SOS Budaya Nusantara! Kaum Milenial Hobi Hedonisme Budaya Asing


Budaya secara umum dapat diartikan sebagai sebuah hasil cipta, rasa, dan karsa manusia dalam memenuhi kebutuhan hidup yang kompleks, mencakup pengetahuan, keyakinan, seni, susila, hukum adat, dan kebiasaan.



Dalam pandangan lain, budaya juga diartikan sebagai suatu pola hidup menyeluruh yang bersifat kompleks, abstrak, dan luas.





Menurut Liliweri (2002), kebudayaan merupakan pandangan hidup dari sekelompok orang dalam bentuk perilaku, kepercayaan, nilai, dan simbol-simbol yang diterima tanpa sadar, di mana semuanya diwariskan melalui proses komunikasi dari satu generasi ke generasi selanjutnya.



Lebih lanjut, Taylor dalam Liliweri (2002 : 62) mendefinisikan kebudayaan tersusun oleh kategori-kategori kesamaan gejala umum yang disebut adat istiadat.
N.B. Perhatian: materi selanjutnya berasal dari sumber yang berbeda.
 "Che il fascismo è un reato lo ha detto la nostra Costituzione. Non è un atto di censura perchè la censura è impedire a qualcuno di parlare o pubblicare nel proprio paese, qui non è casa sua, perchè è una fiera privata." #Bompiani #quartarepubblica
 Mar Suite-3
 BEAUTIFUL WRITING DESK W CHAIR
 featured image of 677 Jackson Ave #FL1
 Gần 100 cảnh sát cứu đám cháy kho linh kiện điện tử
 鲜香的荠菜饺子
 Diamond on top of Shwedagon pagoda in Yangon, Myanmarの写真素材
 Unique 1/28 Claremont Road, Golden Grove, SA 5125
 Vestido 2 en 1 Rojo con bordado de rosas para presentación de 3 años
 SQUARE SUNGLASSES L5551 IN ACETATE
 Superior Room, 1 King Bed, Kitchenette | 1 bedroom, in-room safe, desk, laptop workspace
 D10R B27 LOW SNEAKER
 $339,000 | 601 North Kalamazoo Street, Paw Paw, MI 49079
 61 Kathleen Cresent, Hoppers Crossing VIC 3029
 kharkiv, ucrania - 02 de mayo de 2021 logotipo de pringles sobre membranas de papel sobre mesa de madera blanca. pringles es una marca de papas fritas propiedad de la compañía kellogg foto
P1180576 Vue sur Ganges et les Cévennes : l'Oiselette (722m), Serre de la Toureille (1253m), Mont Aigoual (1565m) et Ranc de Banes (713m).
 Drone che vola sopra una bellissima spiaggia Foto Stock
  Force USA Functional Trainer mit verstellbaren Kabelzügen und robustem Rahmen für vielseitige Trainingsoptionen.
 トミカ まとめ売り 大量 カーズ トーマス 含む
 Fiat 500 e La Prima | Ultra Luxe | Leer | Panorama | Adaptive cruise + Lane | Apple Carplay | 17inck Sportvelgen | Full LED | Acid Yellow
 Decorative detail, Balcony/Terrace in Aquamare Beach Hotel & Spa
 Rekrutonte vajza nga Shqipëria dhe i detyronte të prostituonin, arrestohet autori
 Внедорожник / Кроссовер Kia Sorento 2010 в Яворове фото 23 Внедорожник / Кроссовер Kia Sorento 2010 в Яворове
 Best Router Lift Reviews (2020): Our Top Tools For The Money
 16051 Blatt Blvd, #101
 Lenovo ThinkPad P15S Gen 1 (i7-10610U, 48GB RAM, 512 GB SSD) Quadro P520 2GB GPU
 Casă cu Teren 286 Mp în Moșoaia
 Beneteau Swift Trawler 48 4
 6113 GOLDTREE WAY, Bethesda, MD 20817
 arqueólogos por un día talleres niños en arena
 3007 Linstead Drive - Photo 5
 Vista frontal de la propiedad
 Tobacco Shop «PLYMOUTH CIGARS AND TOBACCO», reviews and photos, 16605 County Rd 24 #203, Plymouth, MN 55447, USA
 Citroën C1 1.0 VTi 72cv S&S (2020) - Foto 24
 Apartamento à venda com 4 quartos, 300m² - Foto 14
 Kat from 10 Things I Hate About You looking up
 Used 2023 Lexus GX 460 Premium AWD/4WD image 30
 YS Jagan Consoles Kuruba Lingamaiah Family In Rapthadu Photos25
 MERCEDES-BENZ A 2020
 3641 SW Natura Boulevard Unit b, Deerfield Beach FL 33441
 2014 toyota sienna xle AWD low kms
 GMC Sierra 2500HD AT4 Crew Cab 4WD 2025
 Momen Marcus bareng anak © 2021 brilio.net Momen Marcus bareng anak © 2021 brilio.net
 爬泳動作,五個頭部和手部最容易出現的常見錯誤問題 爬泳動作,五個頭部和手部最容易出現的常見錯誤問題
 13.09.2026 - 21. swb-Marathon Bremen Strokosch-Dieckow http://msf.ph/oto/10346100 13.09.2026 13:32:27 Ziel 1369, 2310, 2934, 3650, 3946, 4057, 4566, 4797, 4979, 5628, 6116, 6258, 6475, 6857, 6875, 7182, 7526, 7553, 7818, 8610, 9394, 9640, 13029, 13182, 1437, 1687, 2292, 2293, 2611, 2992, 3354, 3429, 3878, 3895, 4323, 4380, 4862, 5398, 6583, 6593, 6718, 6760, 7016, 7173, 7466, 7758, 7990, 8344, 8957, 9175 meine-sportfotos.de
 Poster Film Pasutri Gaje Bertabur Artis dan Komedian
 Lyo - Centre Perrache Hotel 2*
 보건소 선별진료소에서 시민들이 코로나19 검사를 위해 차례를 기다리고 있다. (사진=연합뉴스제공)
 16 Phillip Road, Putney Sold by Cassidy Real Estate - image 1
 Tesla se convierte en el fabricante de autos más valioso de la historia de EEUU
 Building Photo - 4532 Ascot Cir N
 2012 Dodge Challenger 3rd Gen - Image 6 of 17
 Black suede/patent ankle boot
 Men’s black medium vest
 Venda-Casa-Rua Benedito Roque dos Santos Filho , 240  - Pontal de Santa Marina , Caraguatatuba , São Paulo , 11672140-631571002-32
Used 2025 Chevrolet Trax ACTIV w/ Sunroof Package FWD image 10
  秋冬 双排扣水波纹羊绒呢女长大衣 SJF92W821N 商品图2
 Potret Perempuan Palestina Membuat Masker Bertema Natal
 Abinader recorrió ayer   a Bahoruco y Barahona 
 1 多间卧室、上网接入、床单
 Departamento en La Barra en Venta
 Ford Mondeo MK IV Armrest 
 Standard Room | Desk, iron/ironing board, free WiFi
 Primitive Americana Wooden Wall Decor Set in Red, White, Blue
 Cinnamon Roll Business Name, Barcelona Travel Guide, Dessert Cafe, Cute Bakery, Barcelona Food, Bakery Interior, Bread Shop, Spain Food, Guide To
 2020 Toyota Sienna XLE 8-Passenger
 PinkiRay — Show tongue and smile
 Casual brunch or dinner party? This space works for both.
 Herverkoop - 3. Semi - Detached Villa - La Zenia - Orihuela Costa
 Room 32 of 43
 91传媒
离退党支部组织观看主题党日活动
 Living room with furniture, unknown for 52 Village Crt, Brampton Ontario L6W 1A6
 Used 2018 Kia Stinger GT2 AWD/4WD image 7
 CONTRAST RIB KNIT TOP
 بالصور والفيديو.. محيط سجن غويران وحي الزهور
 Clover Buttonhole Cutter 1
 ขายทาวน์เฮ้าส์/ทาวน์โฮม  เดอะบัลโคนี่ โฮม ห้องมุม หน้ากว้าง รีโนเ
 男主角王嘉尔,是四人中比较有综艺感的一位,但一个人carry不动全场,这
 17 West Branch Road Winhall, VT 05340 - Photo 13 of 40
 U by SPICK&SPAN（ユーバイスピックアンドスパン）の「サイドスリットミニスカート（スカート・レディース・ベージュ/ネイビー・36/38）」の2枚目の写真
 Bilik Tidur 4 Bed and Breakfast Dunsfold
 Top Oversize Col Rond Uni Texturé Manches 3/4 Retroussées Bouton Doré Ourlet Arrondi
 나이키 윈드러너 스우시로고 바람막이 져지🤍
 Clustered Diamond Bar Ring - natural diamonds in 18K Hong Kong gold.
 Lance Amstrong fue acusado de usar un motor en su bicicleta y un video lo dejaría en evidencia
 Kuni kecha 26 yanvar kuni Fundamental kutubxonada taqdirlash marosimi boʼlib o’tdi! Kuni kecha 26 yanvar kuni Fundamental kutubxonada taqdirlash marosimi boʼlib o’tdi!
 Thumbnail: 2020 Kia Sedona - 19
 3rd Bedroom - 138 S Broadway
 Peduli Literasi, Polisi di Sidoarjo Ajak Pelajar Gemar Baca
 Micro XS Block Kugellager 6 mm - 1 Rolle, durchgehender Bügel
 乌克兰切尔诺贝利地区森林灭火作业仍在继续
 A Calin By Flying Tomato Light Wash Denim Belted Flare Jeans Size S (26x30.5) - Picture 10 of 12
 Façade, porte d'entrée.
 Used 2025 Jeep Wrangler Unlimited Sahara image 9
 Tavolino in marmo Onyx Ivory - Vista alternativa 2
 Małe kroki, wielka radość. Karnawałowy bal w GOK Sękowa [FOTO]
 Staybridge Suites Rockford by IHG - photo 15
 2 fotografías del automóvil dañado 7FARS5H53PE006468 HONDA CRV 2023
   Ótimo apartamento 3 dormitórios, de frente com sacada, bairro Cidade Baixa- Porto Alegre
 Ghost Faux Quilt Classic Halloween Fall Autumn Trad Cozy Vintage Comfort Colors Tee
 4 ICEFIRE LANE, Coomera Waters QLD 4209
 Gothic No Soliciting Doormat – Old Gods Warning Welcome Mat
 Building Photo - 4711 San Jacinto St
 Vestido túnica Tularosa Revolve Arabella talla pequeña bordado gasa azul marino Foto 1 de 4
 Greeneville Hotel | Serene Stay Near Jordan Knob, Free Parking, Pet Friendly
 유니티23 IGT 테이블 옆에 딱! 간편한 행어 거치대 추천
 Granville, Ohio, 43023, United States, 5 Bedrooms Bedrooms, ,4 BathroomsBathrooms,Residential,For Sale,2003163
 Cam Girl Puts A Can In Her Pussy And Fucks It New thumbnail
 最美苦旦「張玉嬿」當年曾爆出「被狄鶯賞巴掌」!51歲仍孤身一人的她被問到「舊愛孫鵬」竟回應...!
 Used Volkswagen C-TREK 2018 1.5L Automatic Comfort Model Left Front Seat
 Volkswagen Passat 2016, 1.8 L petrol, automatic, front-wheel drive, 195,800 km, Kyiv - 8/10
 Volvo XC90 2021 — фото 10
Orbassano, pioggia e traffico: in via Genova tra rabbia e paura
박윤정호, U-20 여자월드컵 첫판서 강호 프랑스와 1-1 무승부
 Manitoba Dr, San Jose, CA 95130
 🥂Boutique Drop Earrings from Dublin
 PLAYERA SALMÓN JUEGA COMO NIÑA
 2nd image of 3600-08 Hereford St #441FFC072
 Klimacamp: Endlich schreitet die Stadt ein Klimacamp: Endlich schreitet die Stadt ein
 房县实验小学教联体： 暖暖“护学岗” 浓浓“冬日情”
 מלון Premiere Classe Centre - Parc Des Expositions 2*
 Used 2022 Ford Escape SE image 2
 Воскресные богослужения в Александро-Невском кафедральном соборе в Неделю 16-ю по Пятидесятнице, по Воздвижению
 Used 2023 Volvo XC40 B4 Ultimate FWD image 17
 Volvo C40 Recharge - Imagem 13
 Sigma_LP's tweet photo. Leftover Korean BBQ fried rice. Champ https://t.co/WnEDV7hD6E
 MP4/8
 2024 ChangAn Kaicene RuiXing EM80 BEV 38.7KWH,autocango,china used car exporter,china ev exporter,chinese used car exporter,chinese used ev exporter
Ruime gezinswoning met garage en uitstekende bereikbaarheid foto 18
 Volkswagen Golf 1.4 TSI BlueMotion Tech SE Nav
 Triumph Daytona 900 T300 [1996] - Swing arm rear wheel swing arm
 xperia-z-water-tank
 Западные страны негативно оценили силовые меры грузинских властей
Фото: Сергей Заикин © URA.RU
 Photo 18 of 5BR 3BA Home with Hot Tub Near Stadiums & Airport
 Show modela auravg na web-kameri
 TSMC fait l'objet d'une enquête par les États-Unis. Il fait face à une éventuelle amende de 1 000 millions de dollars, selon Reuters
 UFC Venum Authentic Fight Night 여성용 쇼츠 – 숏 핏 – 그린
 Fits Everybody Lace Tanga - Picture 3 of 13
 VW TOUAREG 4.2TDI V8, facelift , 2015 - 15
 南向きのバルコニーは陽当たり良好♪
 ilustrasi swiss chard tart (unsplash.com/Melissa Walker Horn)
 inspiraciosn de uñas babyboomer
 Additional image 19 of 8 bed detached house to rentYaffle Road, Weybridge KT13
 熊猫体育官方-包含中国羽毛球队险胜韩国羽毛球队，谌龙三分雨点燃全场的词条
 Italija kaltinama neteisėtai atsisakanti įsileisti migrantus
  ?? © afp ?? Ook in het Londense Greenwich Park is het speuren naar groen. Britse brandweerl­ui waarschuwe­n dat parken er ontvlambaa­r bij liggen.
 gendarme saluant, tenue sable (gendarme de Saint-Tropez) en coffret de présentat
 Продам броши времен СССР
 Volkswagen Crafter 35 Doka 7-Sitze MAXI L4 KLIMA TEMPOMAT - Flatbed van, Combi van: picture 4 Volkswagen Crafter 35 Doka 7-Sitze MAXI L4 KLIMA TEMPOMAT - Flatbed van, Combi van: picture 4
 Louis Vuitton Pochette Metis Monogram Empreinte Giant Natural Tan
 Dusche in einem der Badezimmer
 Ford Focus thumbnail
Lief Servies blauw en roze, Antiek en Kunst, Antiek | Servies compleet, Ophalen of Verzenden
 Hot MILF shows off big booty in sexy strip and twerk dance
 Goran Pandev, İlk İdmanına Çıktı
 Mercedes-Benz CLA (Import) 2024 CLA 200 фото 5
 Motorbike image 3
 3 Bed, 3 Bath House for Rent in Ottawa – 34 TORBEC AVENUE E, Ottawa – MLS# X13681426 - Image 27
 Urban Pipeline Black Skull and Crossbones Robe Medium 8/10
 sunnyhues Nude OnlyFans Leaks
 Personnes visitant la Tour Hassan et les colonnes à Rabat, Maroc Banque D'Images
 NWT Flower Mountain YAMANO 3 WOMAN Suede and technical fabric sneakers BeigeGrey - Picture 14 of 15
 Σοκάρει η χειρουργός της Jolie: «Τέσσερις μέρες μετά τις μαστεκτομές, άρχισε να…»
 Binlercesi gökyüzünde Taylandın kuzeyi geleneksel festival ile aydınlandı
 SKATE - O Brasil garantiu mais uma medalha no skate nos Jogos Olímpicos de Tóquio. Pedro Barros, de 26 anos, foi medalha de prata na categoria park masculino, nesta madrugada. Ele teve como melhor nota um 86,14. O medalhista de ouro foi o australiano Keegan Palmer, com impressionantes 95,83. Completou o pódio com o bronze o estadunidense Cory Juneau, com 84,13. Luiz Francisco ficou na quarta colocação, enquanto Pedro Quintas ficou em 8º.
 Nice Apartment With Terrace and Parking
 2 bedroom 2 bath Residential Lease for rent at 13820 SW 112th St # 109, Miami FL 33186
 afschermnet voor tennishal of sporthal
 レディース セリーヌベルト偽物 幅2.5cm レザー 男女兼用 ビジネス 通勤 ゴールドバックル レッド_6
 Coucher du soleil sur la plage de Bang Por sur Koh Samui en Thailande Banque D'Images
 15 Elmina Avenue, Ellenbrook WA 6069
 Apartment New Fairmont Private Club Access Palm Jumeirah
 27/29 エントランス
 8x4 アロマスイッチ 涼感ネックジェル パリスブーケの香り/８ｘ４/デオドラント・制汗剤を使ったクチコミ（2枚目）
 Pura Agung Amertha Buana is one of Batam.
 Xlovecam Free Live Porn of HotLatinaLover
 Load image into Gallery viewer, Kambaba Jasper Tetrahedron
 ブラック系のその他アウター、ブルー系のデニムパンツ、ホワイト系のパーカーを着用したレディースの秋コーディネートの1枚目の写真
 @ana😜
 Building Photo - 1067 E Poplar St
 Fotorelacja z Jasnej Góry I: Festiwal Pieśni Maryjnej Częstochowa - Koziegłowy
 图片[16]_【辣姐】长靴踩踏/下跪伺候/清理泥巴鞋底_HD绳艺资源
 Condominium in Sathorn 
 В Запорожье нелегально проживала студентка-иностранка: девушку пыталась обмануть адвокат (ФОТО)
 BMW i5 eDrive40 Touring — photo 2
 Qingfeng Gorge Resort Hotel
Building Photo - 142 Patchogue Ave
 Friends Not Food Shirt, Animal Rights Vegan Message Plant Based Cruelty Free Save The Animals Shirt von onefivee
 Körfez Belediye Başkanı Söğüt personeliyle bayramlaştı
Adat istiadat mencakup teknologi, pengetahuan, kesenian, moral, hukum, estetika, rekreasional dan kemampuan-kemampuan serta kebiasaan-kebiasaan yang didapatkan manusia sebagai anggota masyarakat.
Perkembangan zaman memang telah mengubah segala aspek kehidupan.



Perkembangan dunia yang mengarah pada modernisasi menjadi factor penyebab tergesernya dan bahkan punahnya budaya tradisional.

Keterbukaan informasi dan kecanggihan teknologi yang mengiringi globalisasi, mau tidak mau juga mempengaruhi ragam budaya Nusantara. Tak salah jika berkembang narasi, bahwa kebhinekaan budaya Indonesia terancam budaya global.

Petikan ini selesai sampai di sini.